‘The Myth of Choice,’ by Kent Greenfield (Yale University Press).

A female tuna lays about 6 million eggs, but on average only two of them will grow to maturity. I have some idea of what those odds mean. At The Washington Post, we receive about 150 books a day, but we review fewer than 20 a week. It’s literary carnage on a scale only Mother Nature could comprehend.

Recently, as I stood amid the piles of hopeful, mostly doomed galleys in our Book Room, my eyes fell on a new paperback edition of “The Myth of Choice” (Yale, $16), by Kent Greenfield. He got me thinking — again — about how we choose which books to read.

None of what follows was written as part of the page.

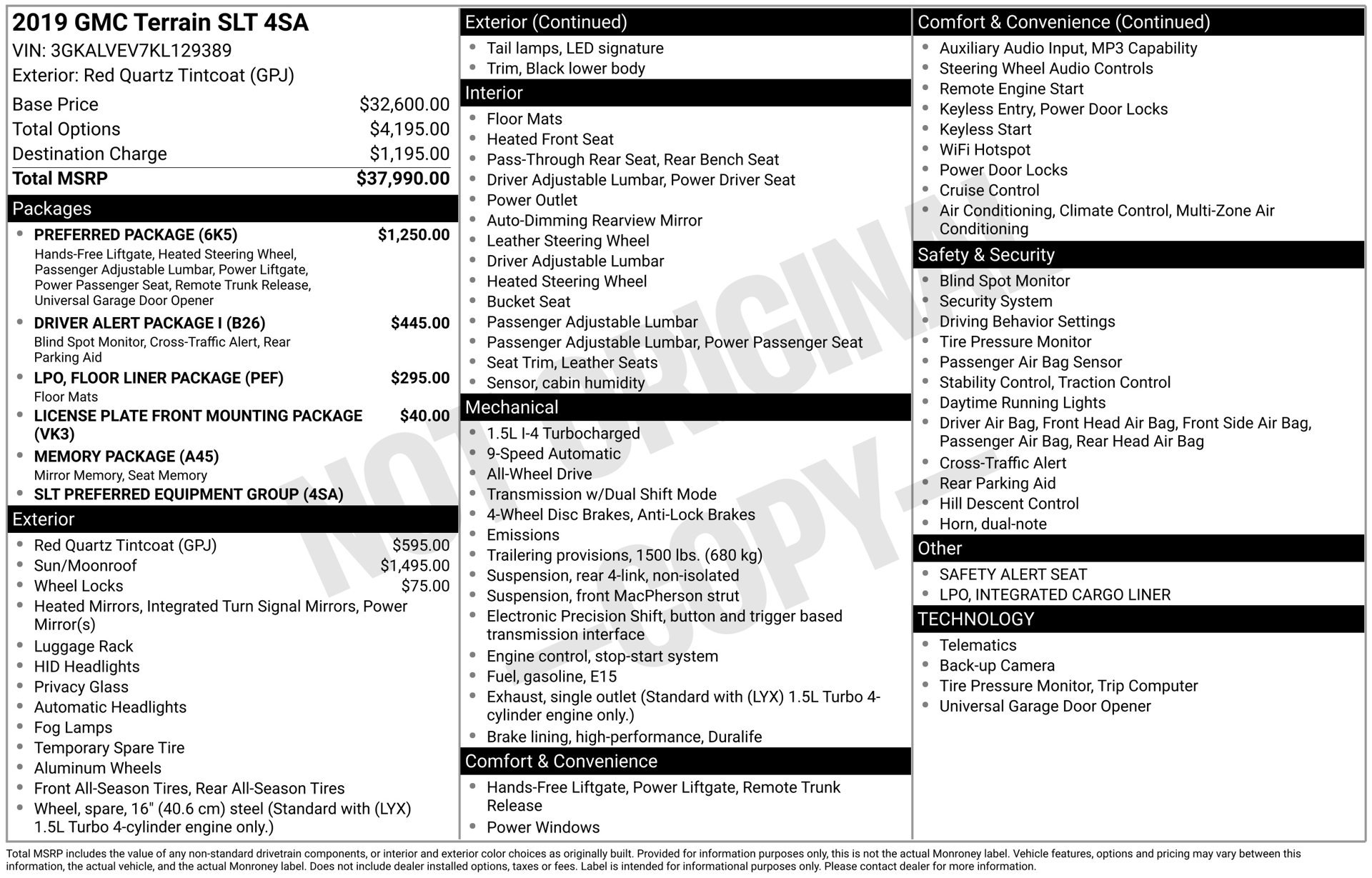 Used 2019 GMC Terrain SLT w/ Preferred Package AWD/4WD image 3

A law professor at Boston College, Greenfield explores our naive assumptions about free will and the way we make choices. It turns out that we’re not the rational, well-informed consumers we like to think we are. We don’t even really know what we want. Entering a store packed with books provides a particularly overwhelming set of choices. Is it any wonder we keep reaching for another Tom Clancy?

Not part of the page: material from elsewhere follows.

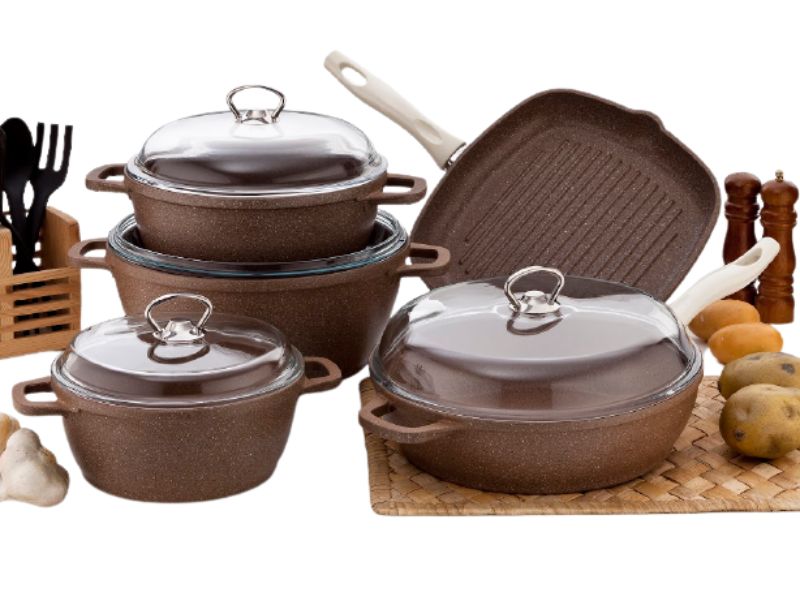 Falez Silico-Cast Premium 9-Piece Cookware Set (Brown)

Speaking by phone from his office, Greenfield told me that “we like to have all these options, but we don’t take advantage of them. There are 45,000 different items in a typical grocery store, but most people buy the same things over and over. When my wife and I were redoing our kitchen, we went to choose paint colors, and it was paralyzing.”

In other words, offered 50 shades of grey, we fall back on the same old bestsellers in a few primary colors. When it comes to Cocoa Krispies and interior decorating, our lazy habits may not matter much, but when we’re shopping for books, those decisions can shape our minds.

“This is something that, as readers, we have to come to terms with,” Greenfield warns. “Life is short. There’s no way you can read even the good books. Too many choices can overwhelm us, and make us worse decision makers.”

So is there any hope for the dazed shopper confronted by stacks of “Barefoot Contessa,” “Flight Behavior” and five new titles about the reality of heaven?

“The book cover design really makes a difference,” Greenfield says. “There’s an attractiveness bias. People on juries believe attractive witnesses more than they believe unattractive witnesses.” Apparently, we’re just as easily persuaded by good-looking dust jackets. “You can’t know a book by its cover,” he admits, “but you can sell a book by its cover.” His own book boasts a witty photograph of a goldfish swimming among seven hooks dangling into its little bowl — just the kind of cover that might convince a buyer that “The Myth of Choice” is fun and engaging (which it is).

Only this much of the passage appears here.